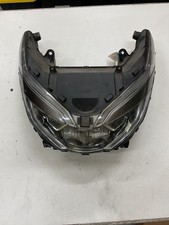 2019 honda pcx150 for sale  Crosby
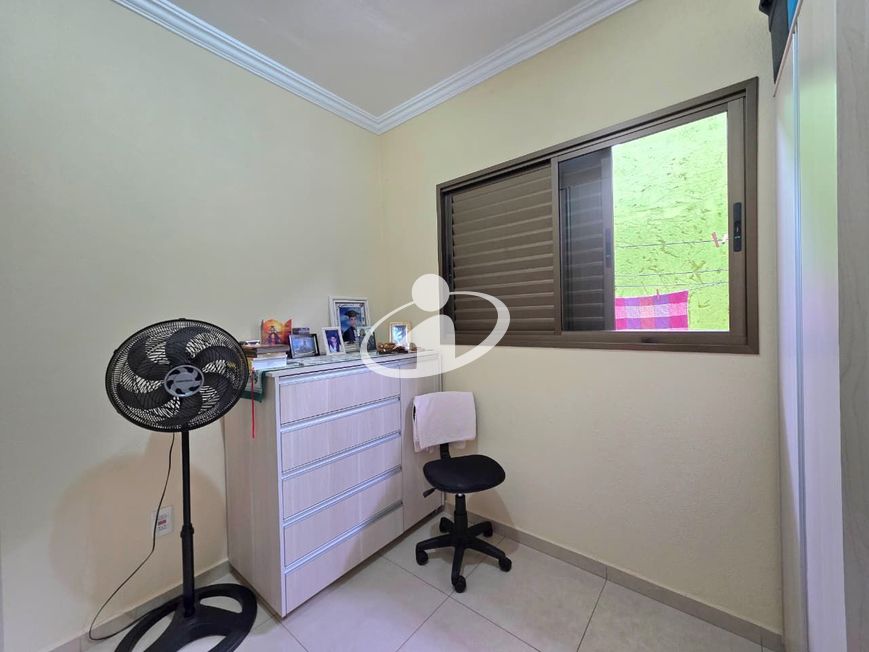 CASA RESIDENCIAL_Venda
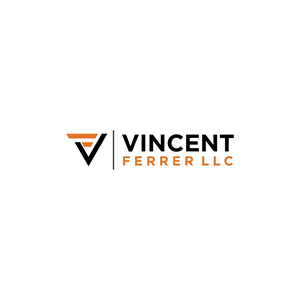 Logo Design by Astro D for this project | Design: #34648703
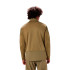 Chaqueta de Ciclismo Endura Singletrack Fz Thermal Ls Tw Hombre Verde
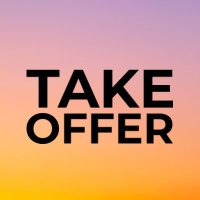 Карьерист: Работа, резюме, вакансии (@takeoffer_ru) 's Twitter Profile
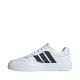 11. Buty adidas Litecourt M IH0856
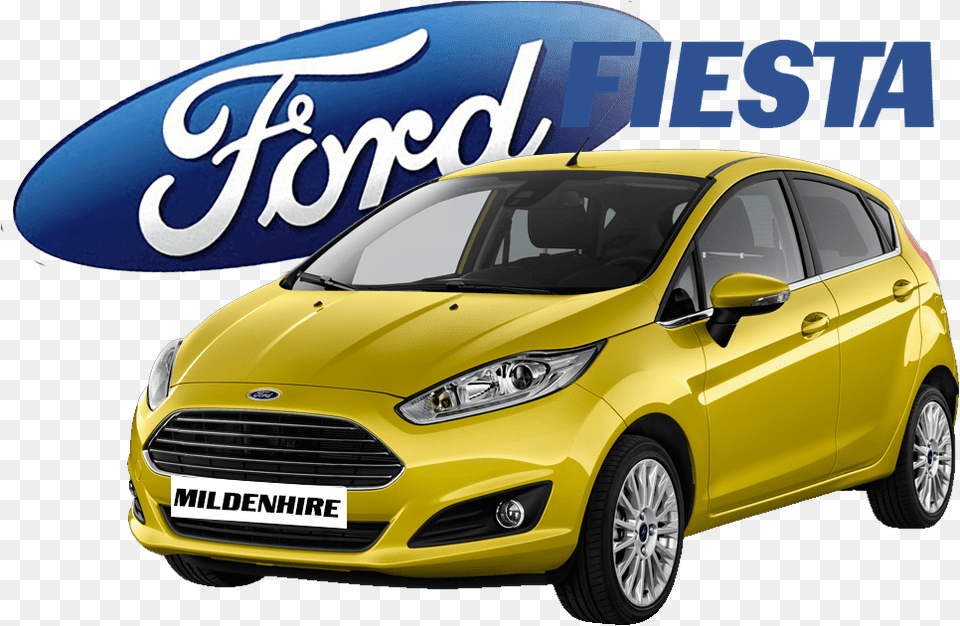 Home Ford Fiesta, Car, Vehicle, Sedan, Transportation Free Transparent Png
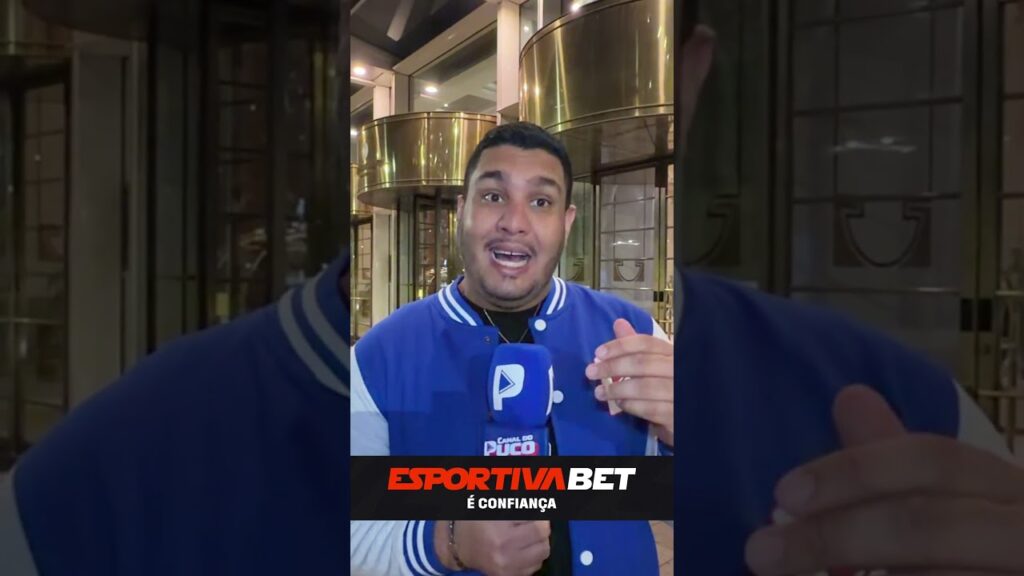 EVERTON RIBEIRO DE FORA? QUEM VEM E QUEM FICA DE FORA – COMO SERÁ ESSE BAHIA NO CHILE EVERTON RIBEIRO DE FORA? QUEM VEM E QUEM FICA DE FORA – COMO SERÁ ESSE BAHIA NO CHILE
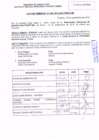 Vista preliminar de documento R.D.N° 263.pdf
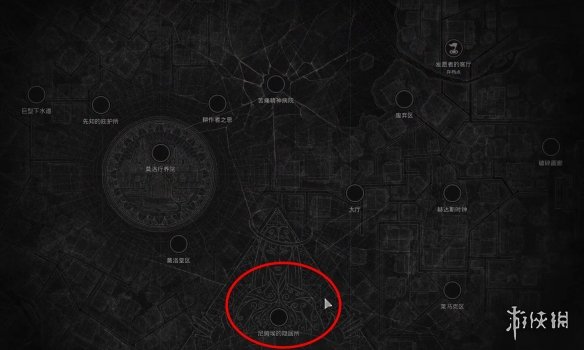 游侠网3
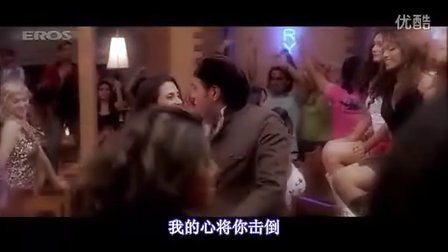 兰娅传奇（国语版）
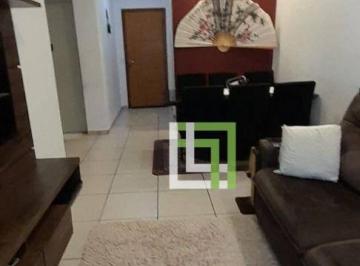fae0c16b23c9f328f5cddbee1b992eb18e4e9cfe · Apartamento com 3 dormitórios à venda, 79 m² por R$ 425.000,00 - Vila Marlene - Jundiaí/SP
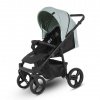 Прогулочная коляска Camarelo EZE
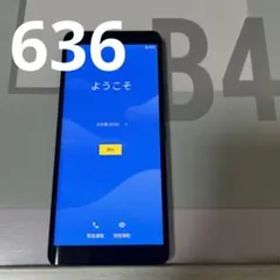 636 Rakuten hand p710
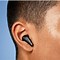 Image result for Verizon Bluetooth Headset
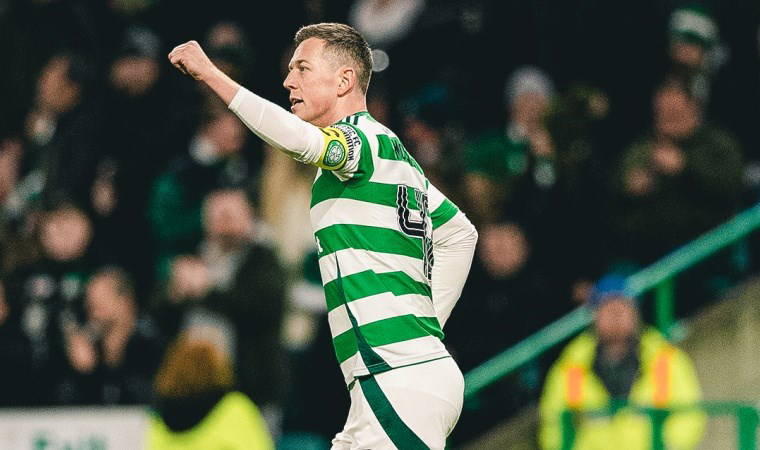 Celtic - Young Boys maçı ne zaman, saat kaçta, hangi kanalda?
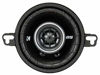 Picture of KICKER 43DSC3504 3-1/2-Inch 3.5-Inch 30W 2-Way Speakers DSC35 DS35 Coax (Pair)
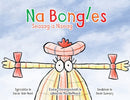 The Bongles - Seasag Is Niseag-9781838384975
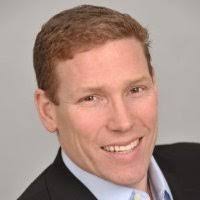 Patrick Cook Email & Phone Number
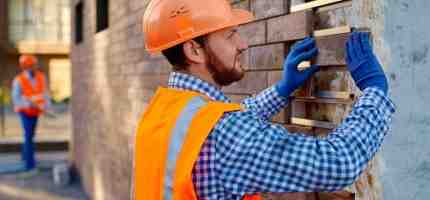 How Much Does Cladding Cost?
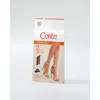 Гольфы женские conte pudra (2 пары), 21С-185СП, 36-39, CONTE ELEGANT,  - 1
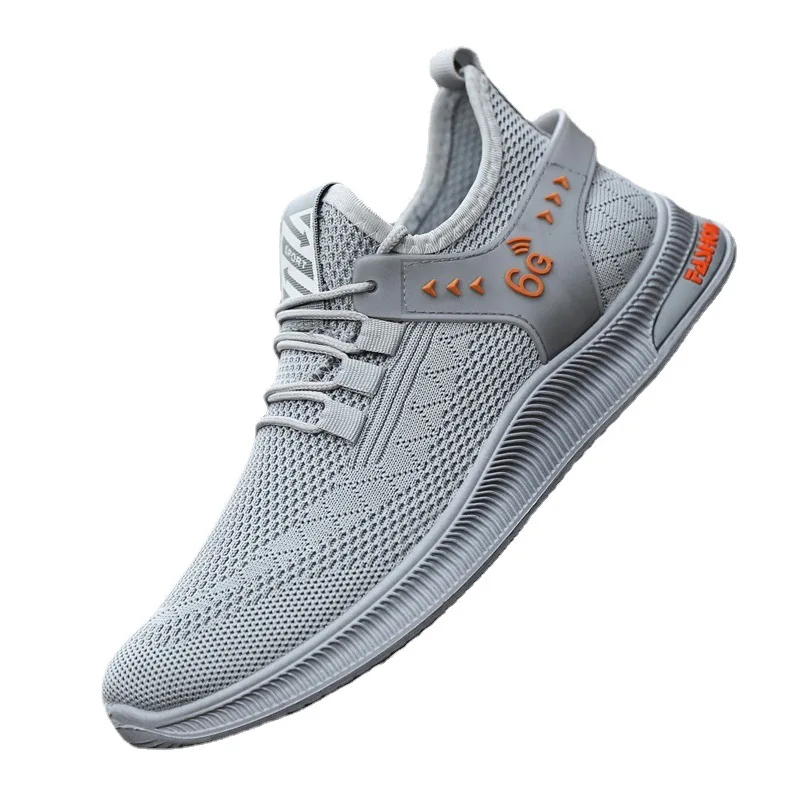 Lighted Men Sneakers Fashion Men Casual Shoes Breathable Men Shoes Walking Sneakers Men's Tennis Mens Designer Shoes Size 39-44
Lighted Men Sneakers Fashion Men Casual Shoes Breathable Men Shoes Walking Sneakers Men's Tennis Mens Designer Shoes Size 39-44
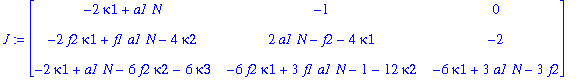 J := Matrix(%id = 3599480)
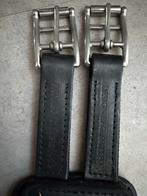 Prolite Singel 130cm in zeer goede staat, Dieren en Toebehoren, Paarden en Pony's | Hoofdstellen en Tuigage, Ophalen of Verzenden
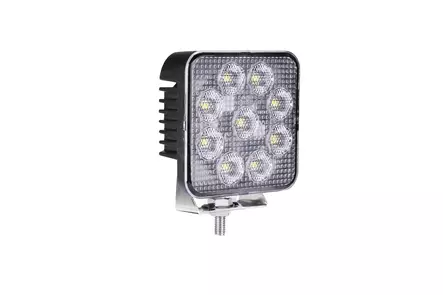 Strands UNITY work light 64W LED - LED Work lights - 8020106626 - 1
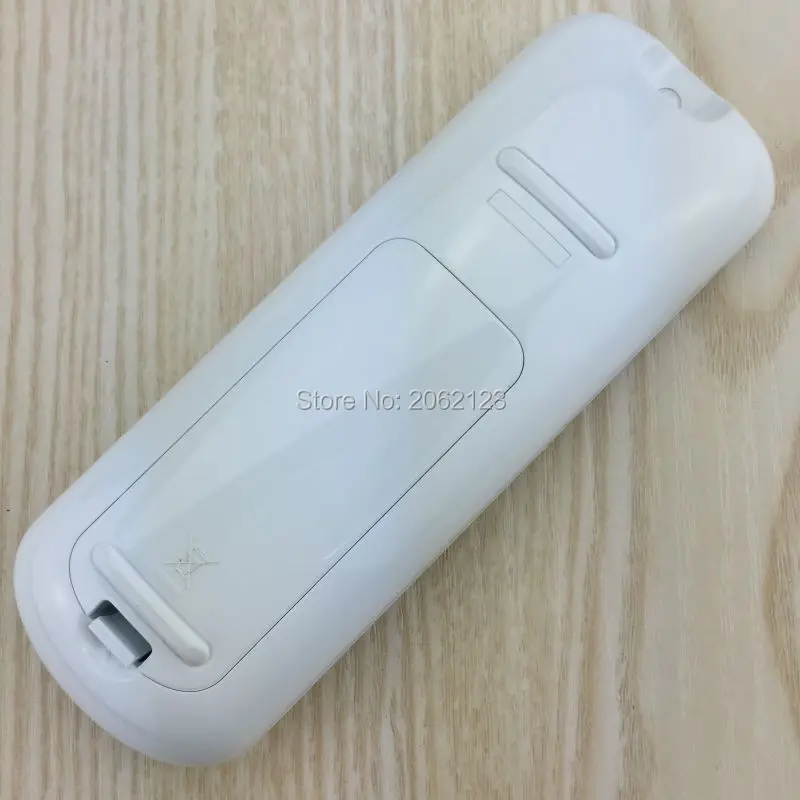 [Оригинал] пульт дистанционного управления для кондиционера Samsung|ac remote control|remote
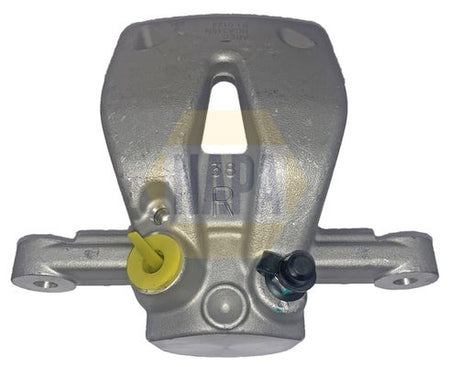 Napa NCA1412 Brake Caliper - 1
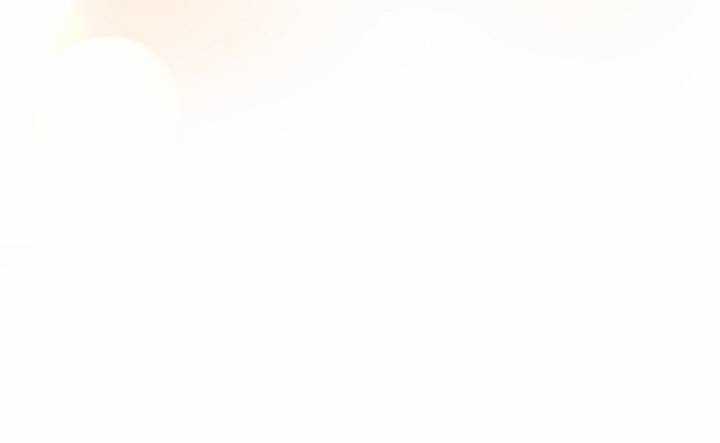 Đại Dương Kiêu Sa Chapter 71.2 trang 52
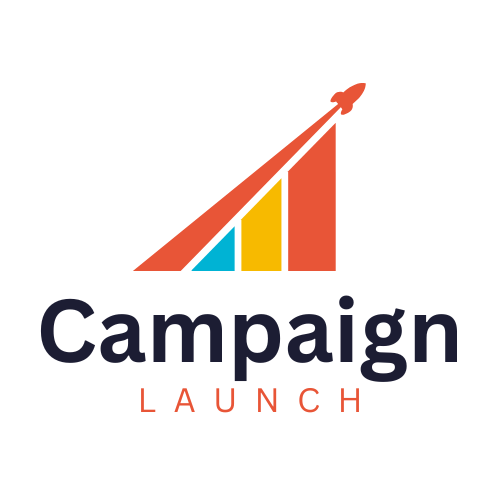 campaignlaunch.com.au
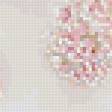 Предпросмотр схемы вышивки «Скатерть» (№89625)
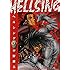 HELLSING (9)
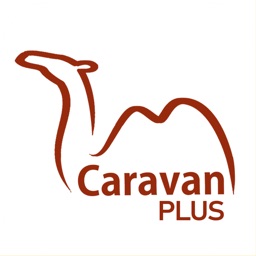 CARAVAN Plus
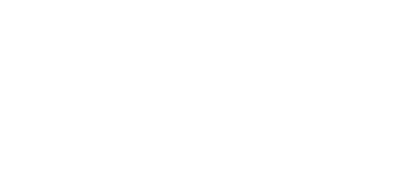 StarsNote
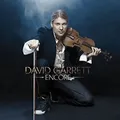 Produktbild: David Garrett - Encore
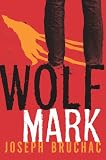 Wolf Mark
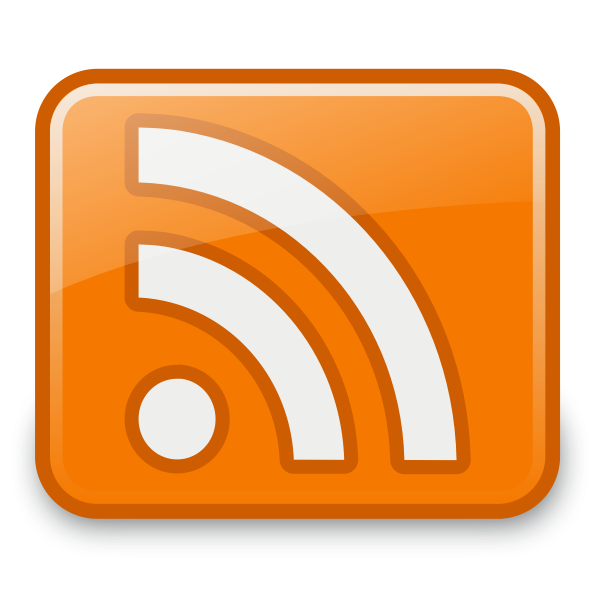 SVG WiFi symbol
──────────
▸ Task description: From the line with "Vista preliminar de documento R.D.N° 263.pdf" down to the final line of the entries above, repeat each line exactly; omit the pictures.

▸ Response below:
 Vista preliminar de documento R.D.N° 263.pdf
 游侠网3
 兰娅传奇（国语版）
fae0c16b23c9f328f5cddbee1b992eb18e4e9cfe · Apartamento com 3 dormitórios à venda, 79 m² por R$ 425.000,00 - Vila Marlene - Jundiaí/SP
 Прогулочная коляска Camarelo EZE
 636 Rakuten hand p710
 Image result for Verizon Bluetooth Headset
 Celtic - Young Boys maçı ne zaman, saat kaçta, hangi kanalda?
 Picture of KICKER 43DSC3504 3-1/2-Inch 3.5-Inch 30W 2-Way Speakers DSC35 DS35 Coax (Pair)
 The Bongles - Seasag Is Niseag-9781838384975
 Patrick Cook Email & Phone Number
 How Much Does Cladding Cost?
 Гольфы женские conte pudra (2 пары), 21С-185СП, 36-39, CONTE ELEGANT,  - 1
 Lighted Men Sneakers Fashion Men Casual Shoes Breathable Men Shoes Walking Sneakers Men's Tennis Mens Designer Shoes Size 39-44
Lighted Men Sneakers Fashion Men Casual Shoes Breathable Men Shoes Walking Sneakers Men's Tennis Mens Designer Shoes Size 39-44
 J := Matrix(%id = 3599480)
 Prolite Singel 130cm in zeer goede staat, Dieren en Toebehoren, Paarden en Pony's | Hoofdstellen en Tuigage, Ophalen of Verzenden
 Strands UNITY work light 64W LED - LED Work lights - 8020106626 - 1
 [Оригинал] пульт дистанционного управления для кондиционера Samsung|ac remote control|remote
 Napa NCA1412 Brake Caliper - 1
 Đại Dương Kiêu Sa Chapter 71.2 trang 52
 campaignlaunch.com.au
 Предпросмотр схемы вышивки «Скатерть» (№89625)
 HELLSING (9)
 CARAVAN Plus
 StarsNote
 Produktbild: David Garrett - Encore
 Wolf Mark
 SVG WiFi symbol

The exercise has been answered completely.